**Supplied data:**

========================

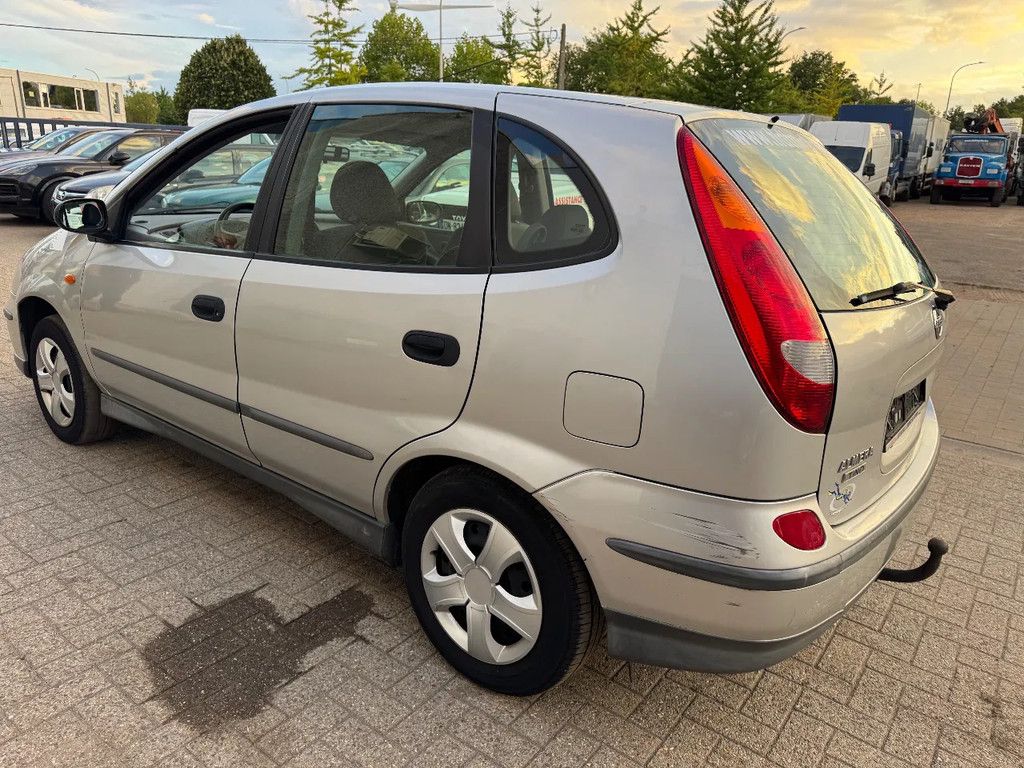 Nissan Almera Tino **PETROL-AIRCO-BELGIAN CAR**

========================

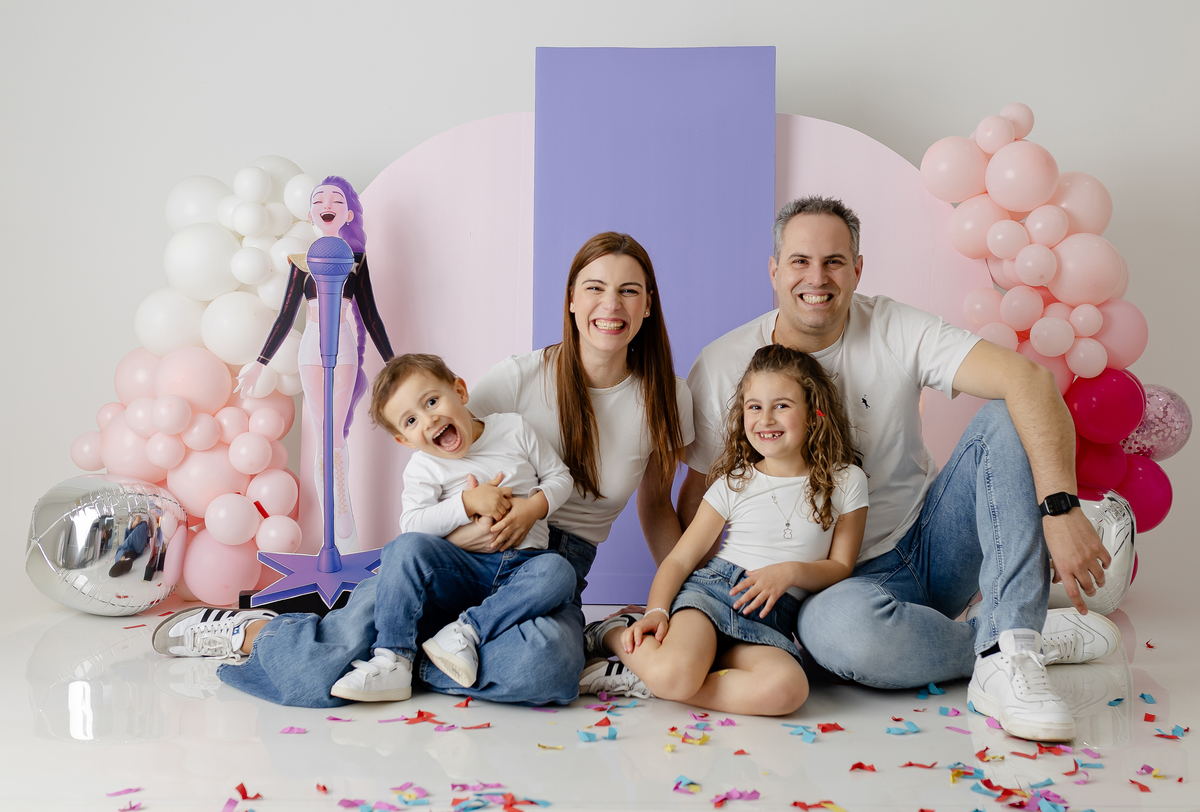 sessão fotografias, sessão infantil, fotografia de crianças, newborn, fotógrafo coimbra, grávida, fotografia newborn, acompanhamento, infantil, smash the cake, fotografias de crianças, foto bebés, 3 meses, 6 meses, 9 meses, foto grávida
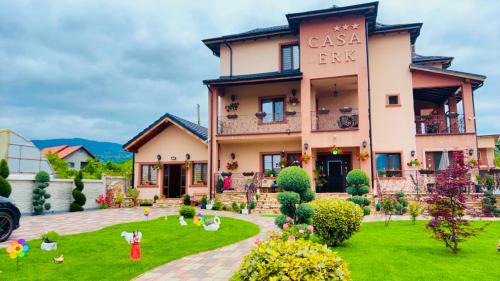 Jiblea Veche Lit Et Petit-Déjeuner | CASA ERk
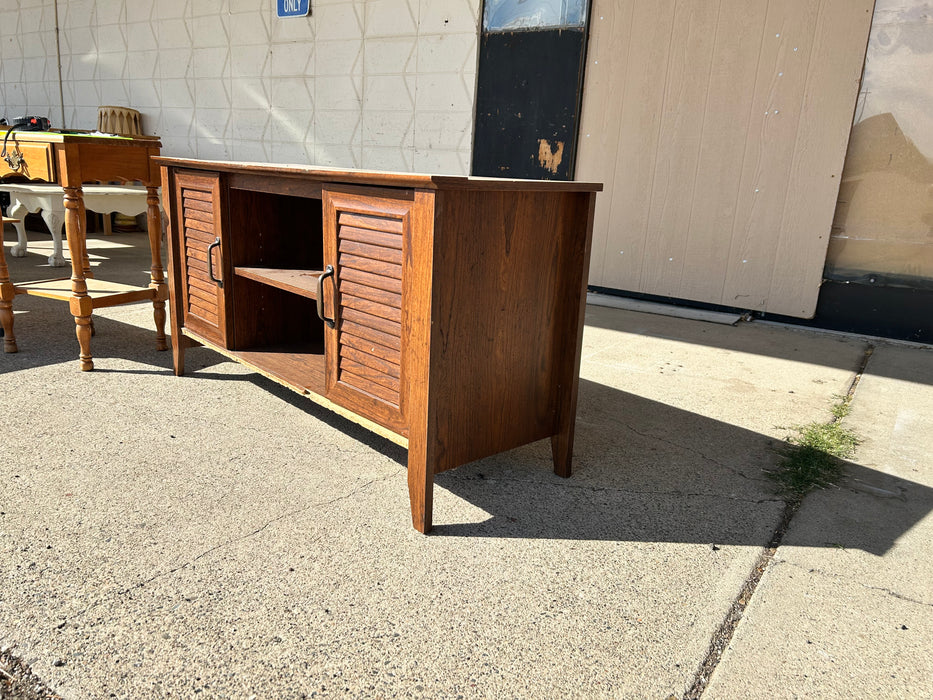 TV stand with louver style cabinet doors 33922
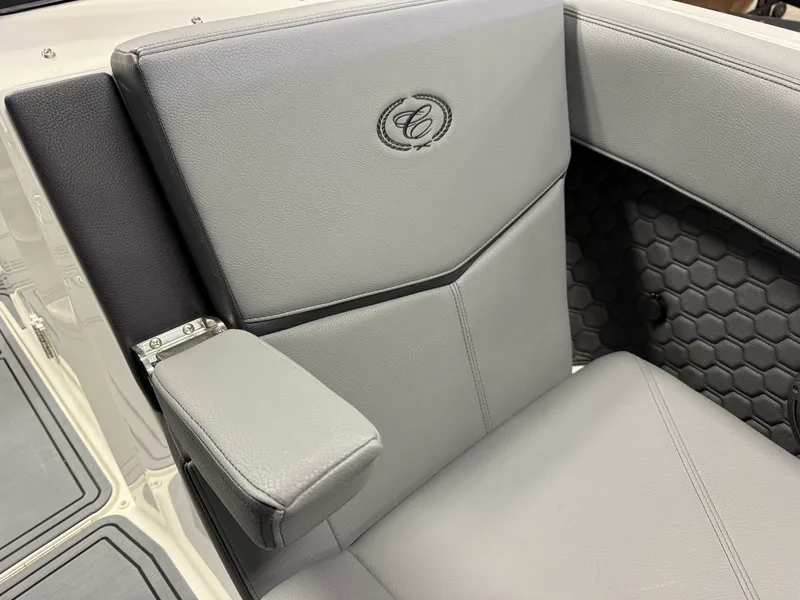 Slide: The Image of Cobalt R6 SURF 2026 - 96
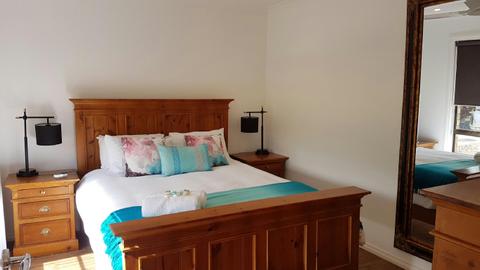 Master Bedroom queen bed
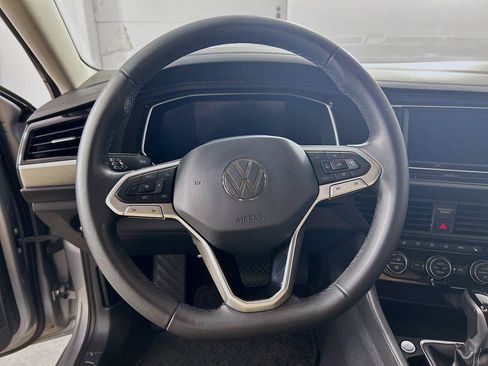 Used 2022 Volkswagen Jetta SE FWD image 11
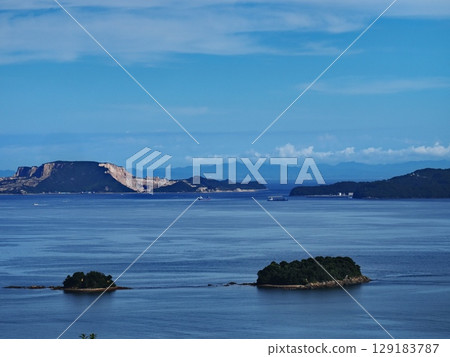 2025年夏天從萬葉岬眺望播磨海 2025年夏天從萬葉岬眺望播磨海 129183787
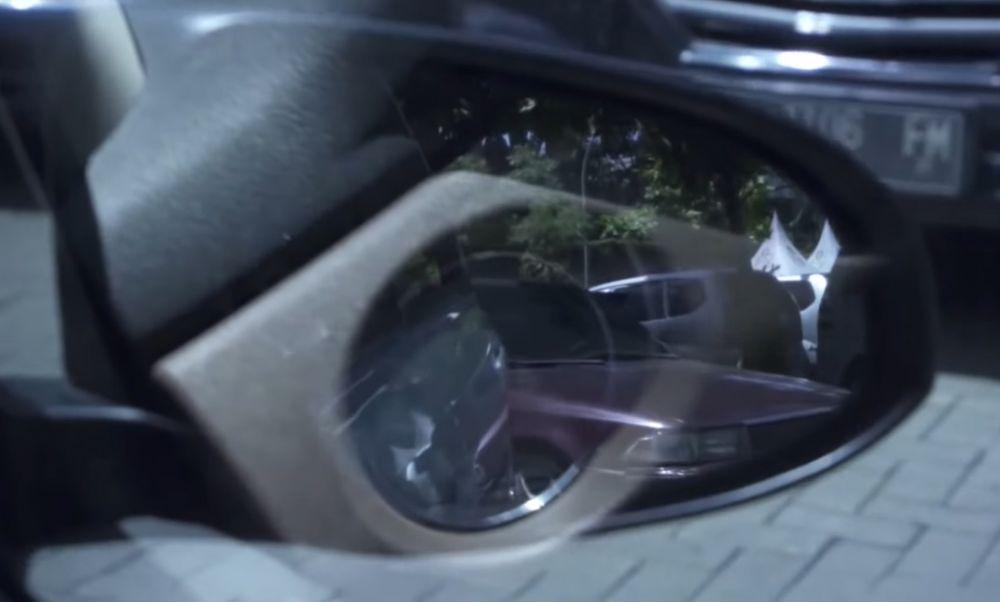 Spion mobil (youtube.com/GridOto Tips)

========================

**Activity:** Go to the line above that contains "Slide: The Image of Cobalt R6 SURF 2026 - 96" and reproduce everything exactly from there through the line that contains "Spion mobil (youtube.com/GridOto Tips)", leaving out the pictures.

**Your response:**
 Slide: The Image of Cobalt R6 SURF 2026 - 96
 Master Bedroom queen bed
 Used 2022 Volkswagen Jetta SE FWD image 11
 2025年夏天從萬葉岬眺望播磨海 2025年夏天從萬葉岬眺望播磨海 129183787
 Spion mobil (youtube.com/GridOto Tips)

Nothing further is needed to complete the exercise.